Started in 2017, Solarize Philly organizers say the program has turned less than $100,000 in Department of Energy grants into $5.8 million of economic development and solar investment, created 52 jobs and helped revamp how the city’s utility interconnects solar. The team also says their model could be successfully translated to other areas, regardless of policy or economic incentives.
“Prior to 2017, Philadelphia really had no solar market to speak of,” said Emily Schapira, executive director of the Philadelphia Energy Authority, an independent municipal authority created in 2010 to reduce the city's energy consumption. The Energy Authority administers the city's Solarize program.
“You don’t need anything in particular to do this," Schapira said. "We didn’t have a big budget; we didn’t have subsidies. […] I would encourage any community or region or state, no matter what your political landscape is. The math of solar works, and it can be done.”

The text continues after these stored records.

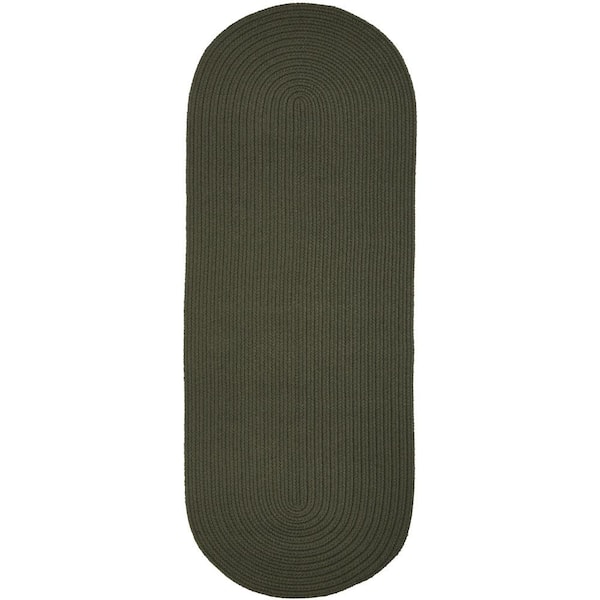 Unbranded Texturized Solid Dark Sage Poly 2 ft. x 6 ft. Braided Runner Rug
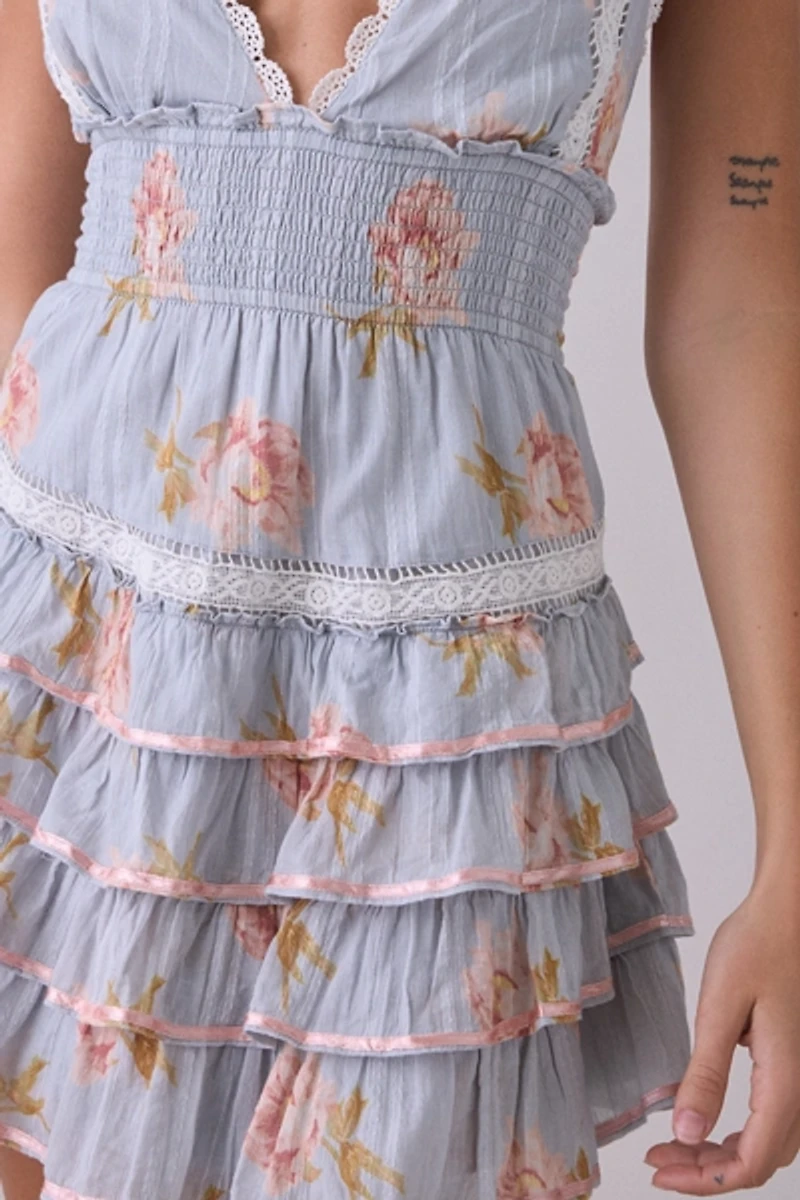 LoveShackFancy Kerch Cotton Halter Mini Dress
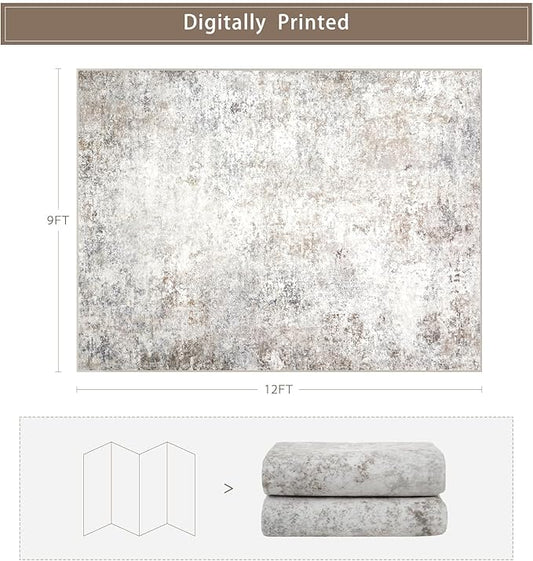 Modern Washable Rugs 9x12 Area Rugs for Living Room,Abstract Rugs for Bedroom,Large Carpets,Ultra Soft Faux Wool Retro Dining Room Rug,Non Slip&Non-Shedding Low Pile Print Rug- Beige Grey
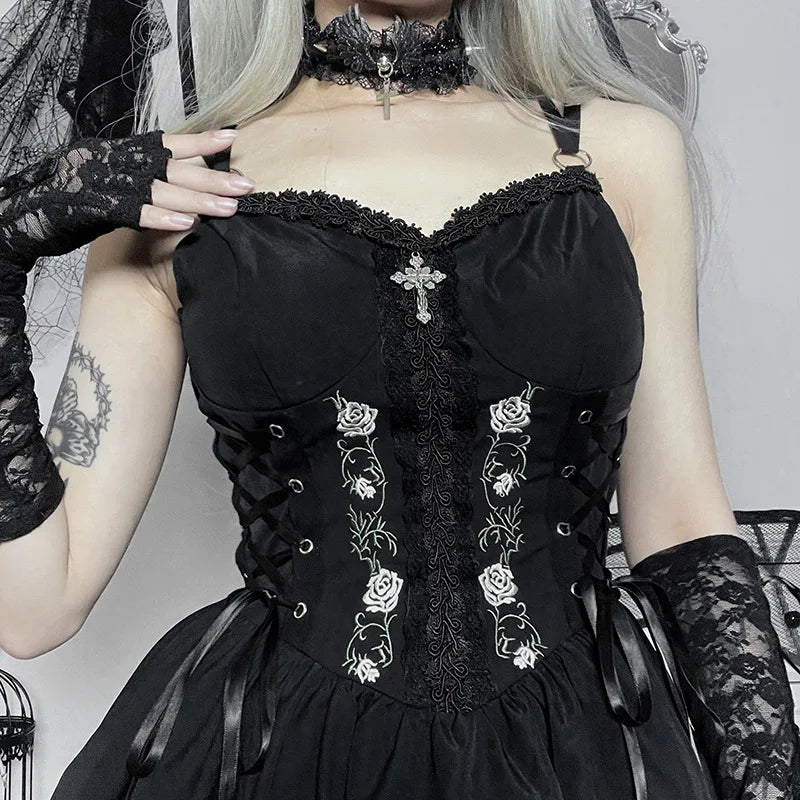 Goth Dark Lolita Gothic Aesthetic Bandage Corset Dresses Grunge Style Black Embroidery Emo Dress Women A-line Party Alt Clothes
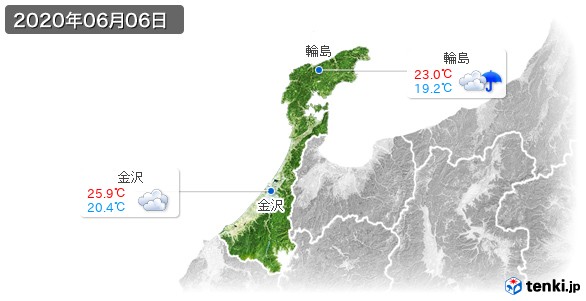 石川県(2020年06月06日の天気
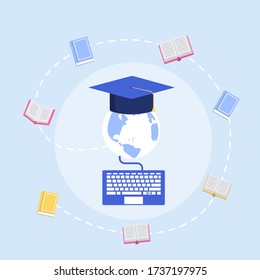 Concept for online education. E-learning, online education at home. Flat design concept of education, training and courses, learning. Vector.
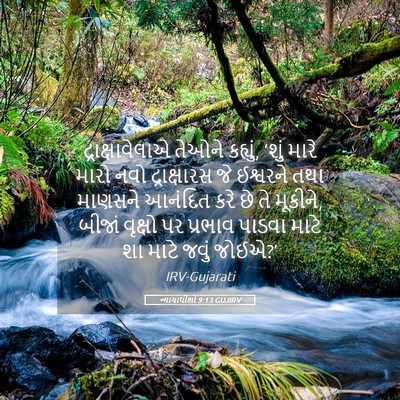 Picture 05 - ન્યાયાધીશો 9:13 GUJIRV - દ્રાક્ષાવેલાએ - Bible Verse Picture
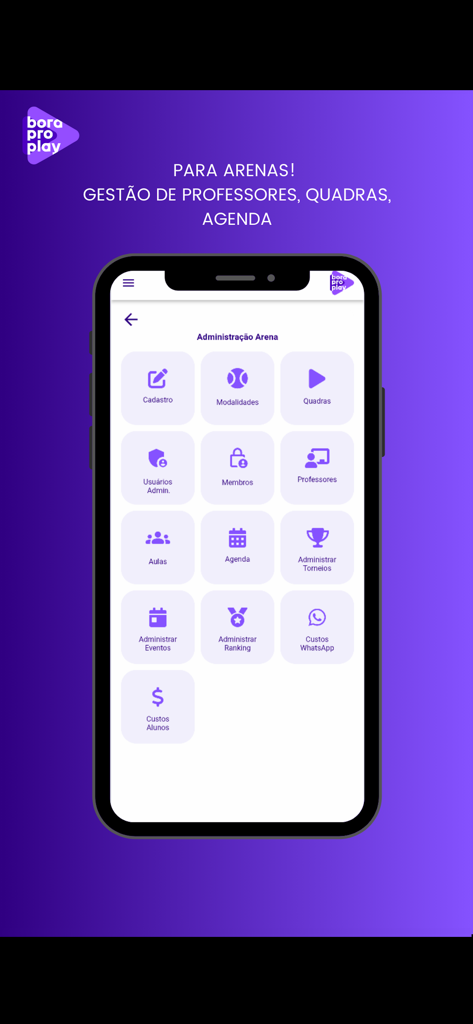 Bora Pro Play - Bora Pro Play app interface showing the arena administration dashboard with icons for managing courts, teachers, and schedules.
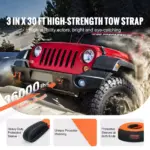 High-Strength Polyester Tow Strap Recovery Kit 30ft 36000 lbs for Car, Truck & SUV 7 64456 b70279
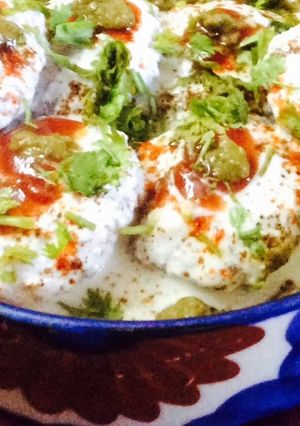 A picture of Flahari  stuffed dahi bhalla.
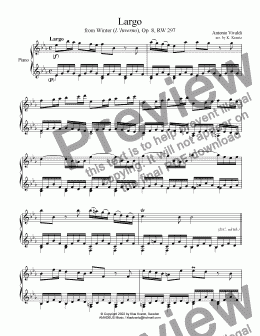 page one of Largo from Winter (L'Inverno) for piano solo (Eb Major)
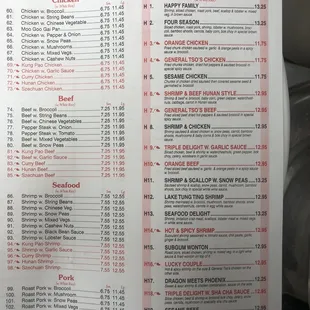Updated menu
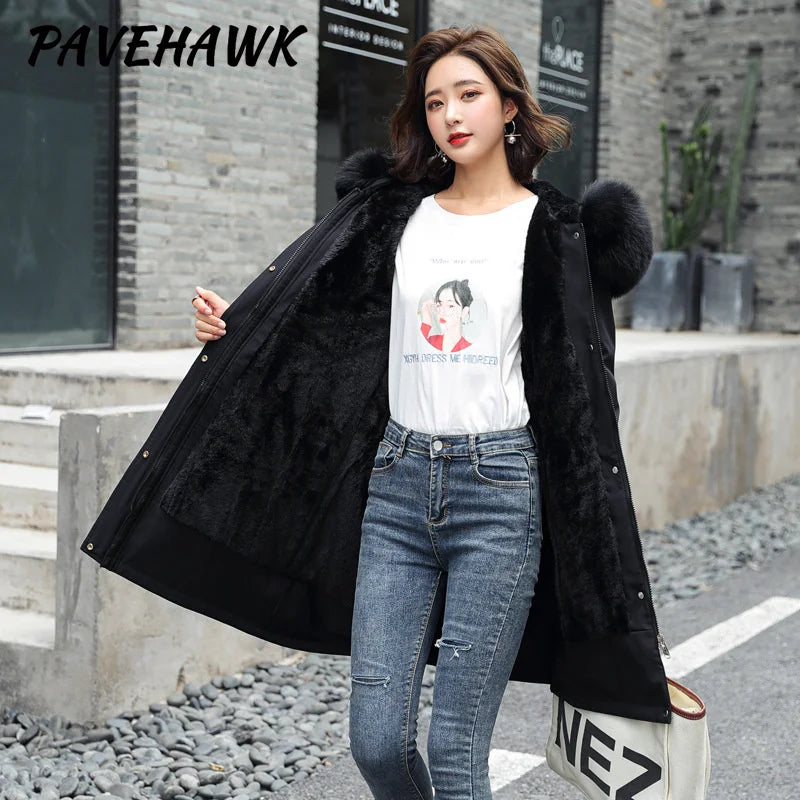 Women’s Fur-Trim Hooded Parka – Cozy Winter Street Style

Boosting solar when few other incentives exist
Solarize Philly was introduced into a weak overall state market for distributed solar.
Pennsylvania’s solar renewable energy credit (SREC) market has rebounded since 2017, when the state reversed a previous mandate that allowed out-of-state systems to compete in the market. But the previous policy had significantly depressed prices. When Solarize Philly got off the ground, Schapira said SRECs clocked in around $5 — offering little incentive for solar development.
The state also has a virtual meter aggregation system in place, which allows generation and load to be aggregated only if the electric accounts are under the same account holder. That’s a big barrier to community solar, which often relies on less restrictive virtual net metering.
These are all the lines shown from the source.